SUPPLIED DATA:

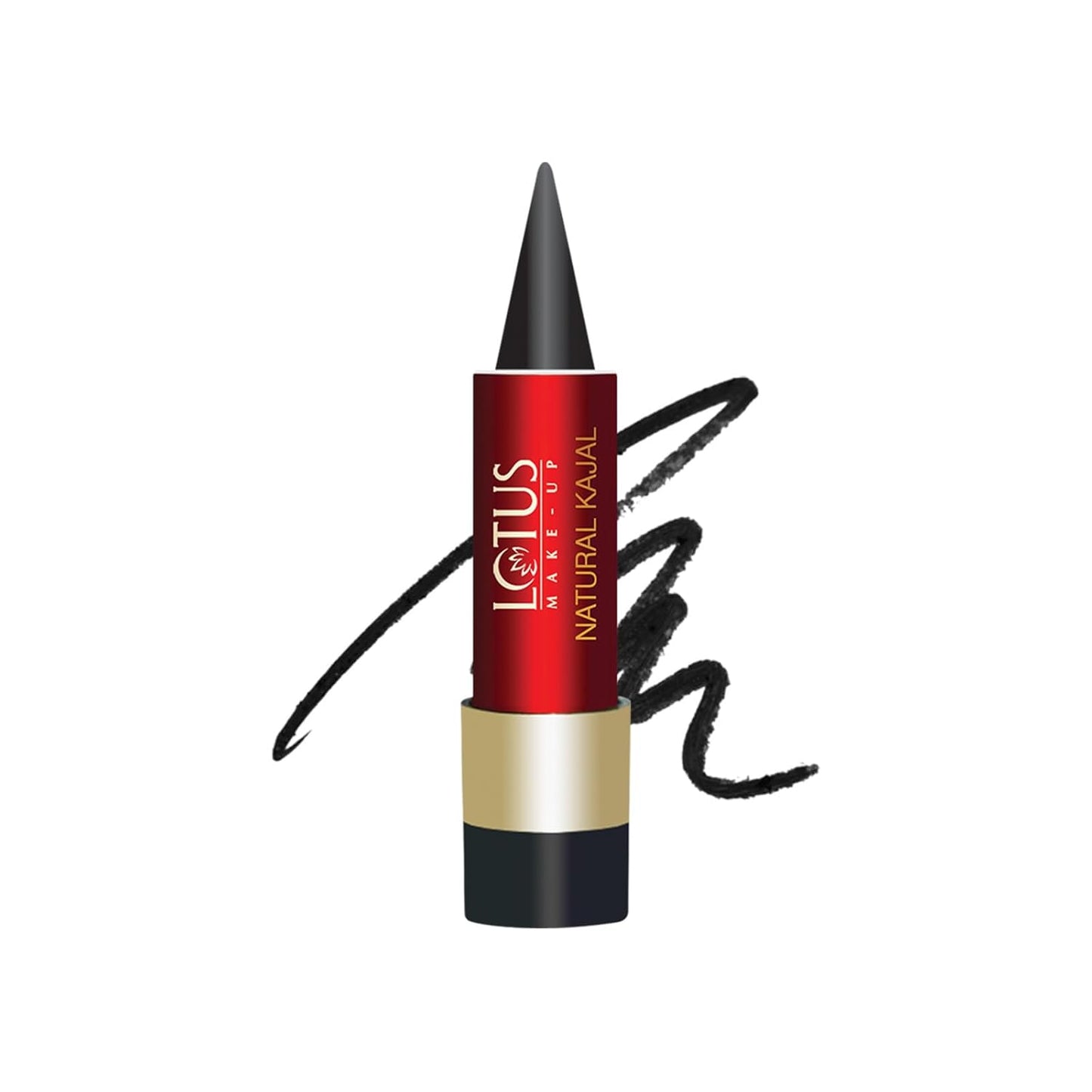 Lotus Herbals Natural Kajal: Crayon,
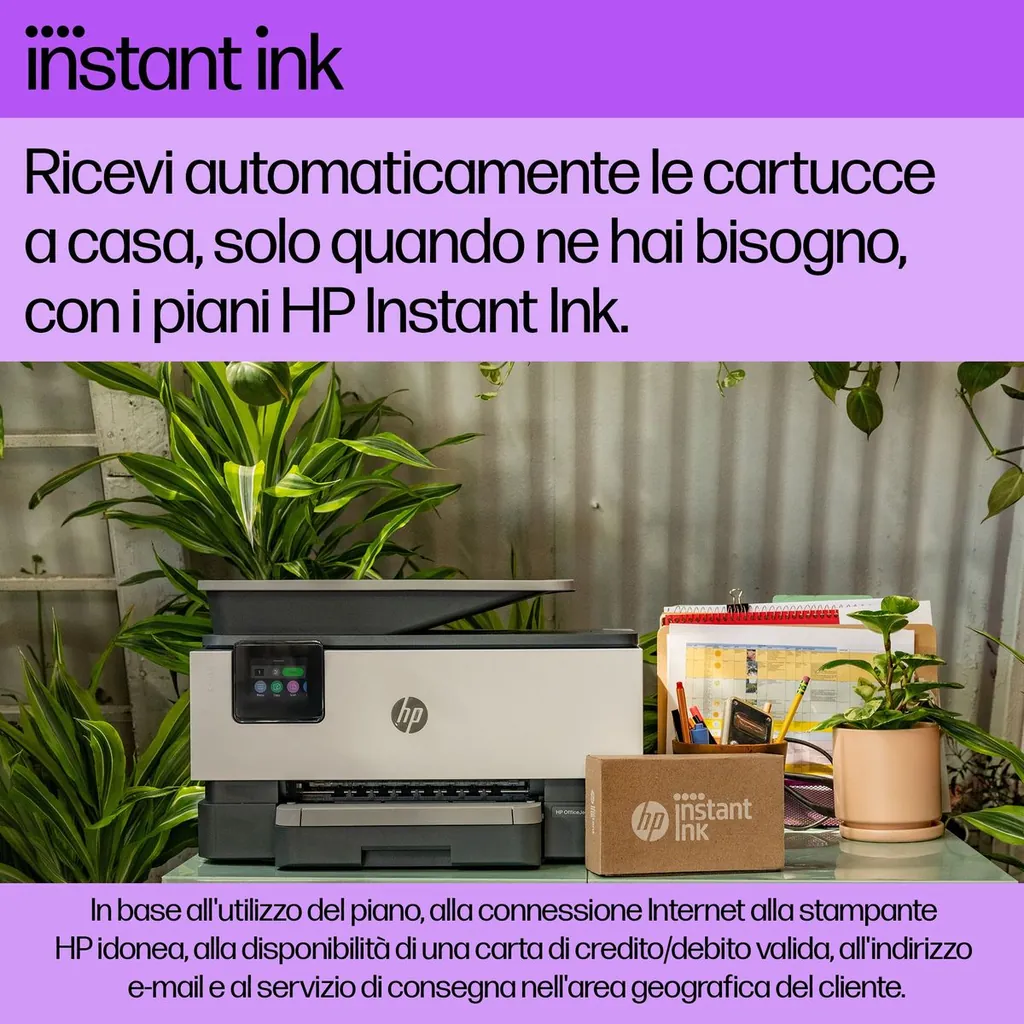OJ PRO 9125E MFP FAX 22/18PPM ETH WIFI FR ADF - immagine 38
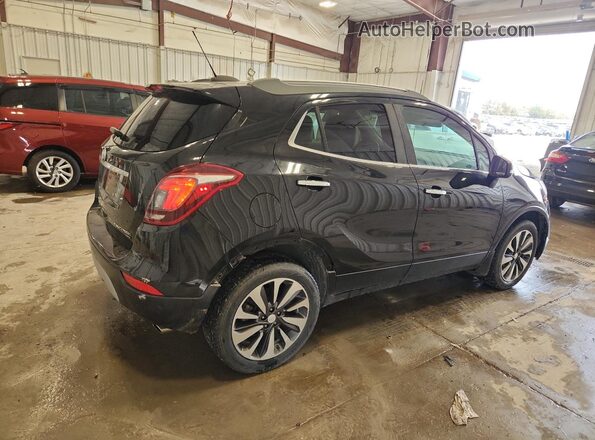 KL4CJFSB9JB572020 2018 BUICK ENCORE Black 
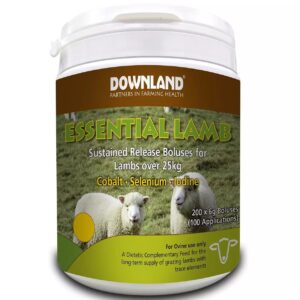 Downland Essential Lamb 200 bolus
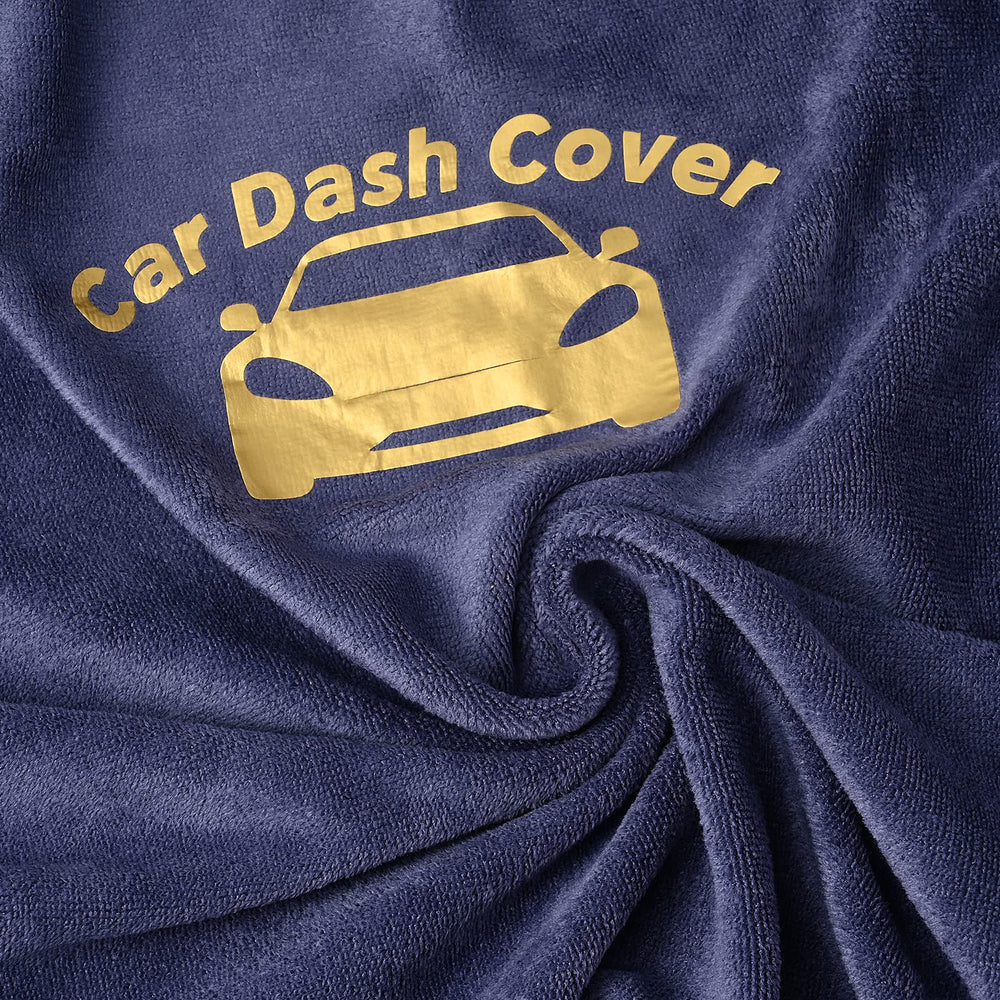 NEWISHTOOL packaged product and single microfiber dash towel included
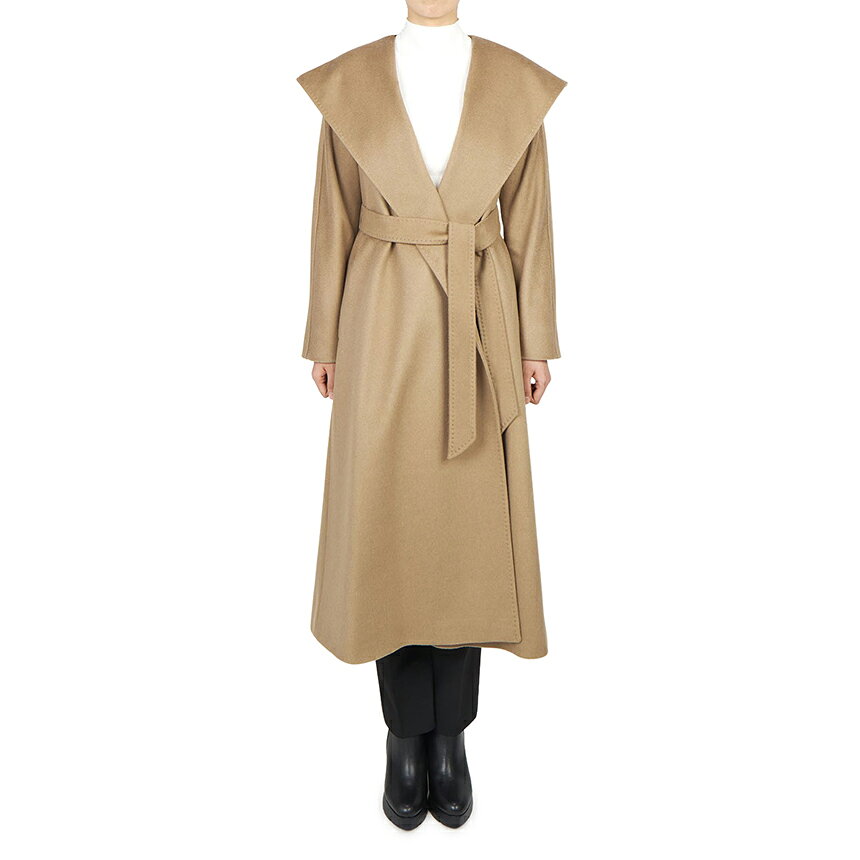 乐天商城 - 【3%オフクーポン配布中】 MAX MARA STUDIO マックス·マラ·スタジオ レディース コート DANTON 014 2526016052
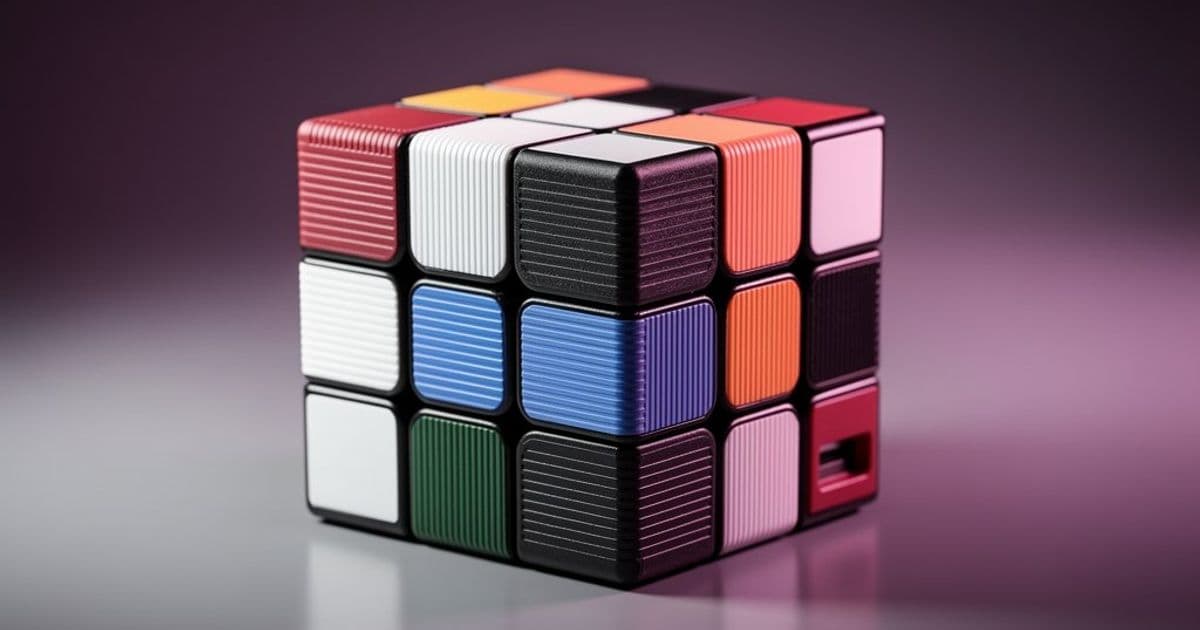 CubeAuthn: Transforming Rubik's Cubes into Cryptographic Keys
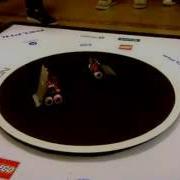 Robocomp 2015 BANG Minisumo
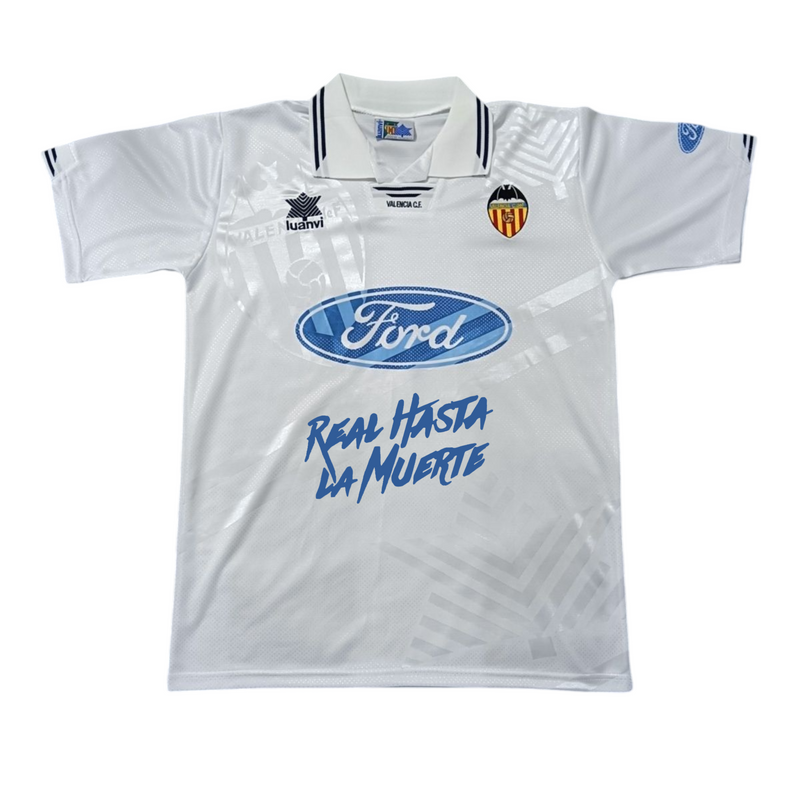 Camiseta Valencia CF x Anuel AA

PROBLEM DETAILS:
Retype each line of the records exactly as it reads; no pictures belong in the copy.

SOLUTION BELOW:
 Lotus Herbals Natural Kajal: Crayon,
OJ PRO 9125E MFP FAX 22/18PPM ETH WIFI FR ADF - immagine 38
 KL4CJFSB9JB572020 2018 BUICK ENCORE Black 
 Downland Essential Lamb 200 bolus
 NEWISHTOOL packaged product and single microfiber dash towel included
 乐天商城 - 【3%オフクーポン配布中】 MAX MARA STUDIO マックス·マラ·スタジオ レディース コート DANTON 014 2526016052
 CubeAuthn: Transforming Rubik's Cubes into Cryptographic Keys
 Robocomp 2015 BANG Minisumo
 Camiseta Valencia CF x Anuel AA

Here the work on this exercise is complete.